My first African Blue Basil came home in a 4 inch pot from the nursery section of a little hardware store in a quaint town named Solvang. If you’ve never been to Solvang, just imagine a children’s book vision Copenhagen. Brown half-timbers accenting white building front anchored with brick. Windmills turning on bell shaped building fronts. Shop windows full of blue and white pottery and painted wooden shoes. Colorful blooms cascade over the sides of window boxes and add color to curb side plantings. The smell of apples and sugar and cinnamon cooking beckon you in though the bakery doors.

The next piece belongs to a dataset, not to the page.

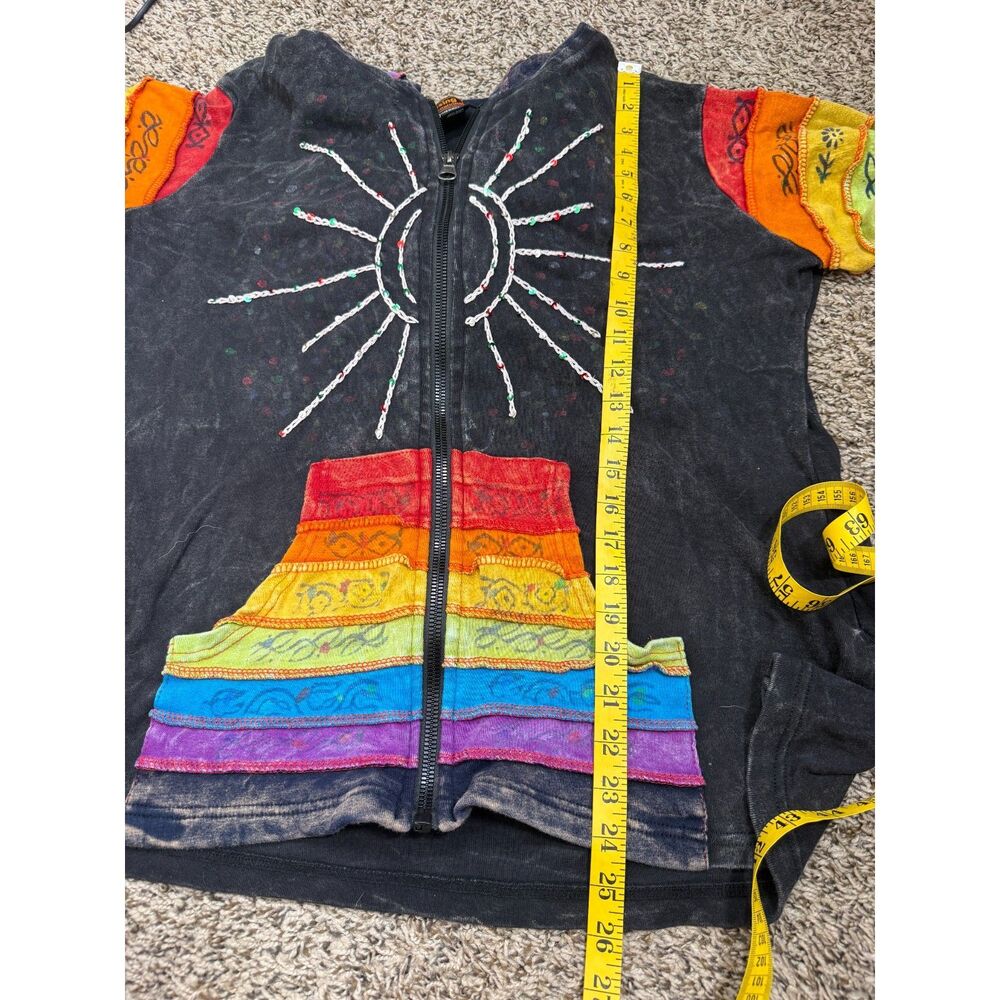 Rising International Patchwork Pixie Jacket Sz 3XL Boho Hippie Celestial Rainbow - Picture 8 of 9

That trip was seven years ago. The plants I have now are children of that original souvenir. Basil is tender to cooler temperatures, so it is usually treated as an annual. But so far, I’ve managed to keep a small collection growing from the original plant because it roots so easily. On a day like today, when it is crisp, but before any danger of frost, I wander out to the garden with the clippers and return with a bouquet that dwarfs the countertop.
For the next few weeks, the bouquet will get more compact as kitchen shears are run through, shortening the ends. From the outermost leaves and best flowers will be diced a pungent and purple confetti. This will be generously sprinkled over the top of filled omelets and dinner salads.

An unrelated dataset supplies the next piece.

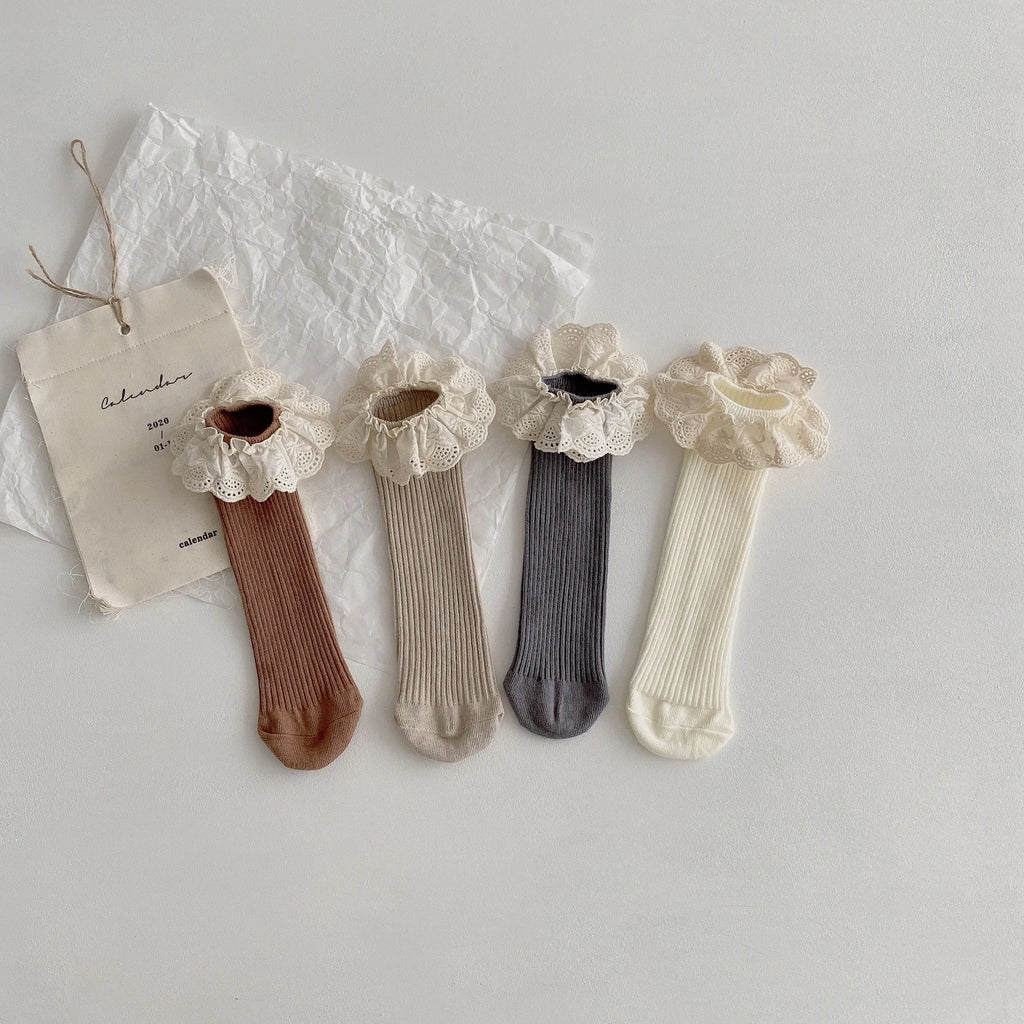 4 Pairs/lot New Baby Girls Socks Long Socks Kids Knee Length Soft Cotton Baby Socks Kids 0-8 Years Knee High Socks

There is a spot just outside the garage where the rooted cuttings will get plopped into pots while we wait for winter to be over. The heat reflected off the walkway and from the drier vents keeps plants on the potting bench there warm. The walls of the home keep back cruel winds but allow the sunshine in.
The infant basil plants won’t change much above ground. But below where we can see, the roots will grow. When the soil is warm, the pots will be carried out in to the garden. Some will go back into the herb walk. But some will go at the feet of newly planted fruit trees, where the arms of the African Blue Basil, which at their peak will reach out three to four feet, can wave in the bees.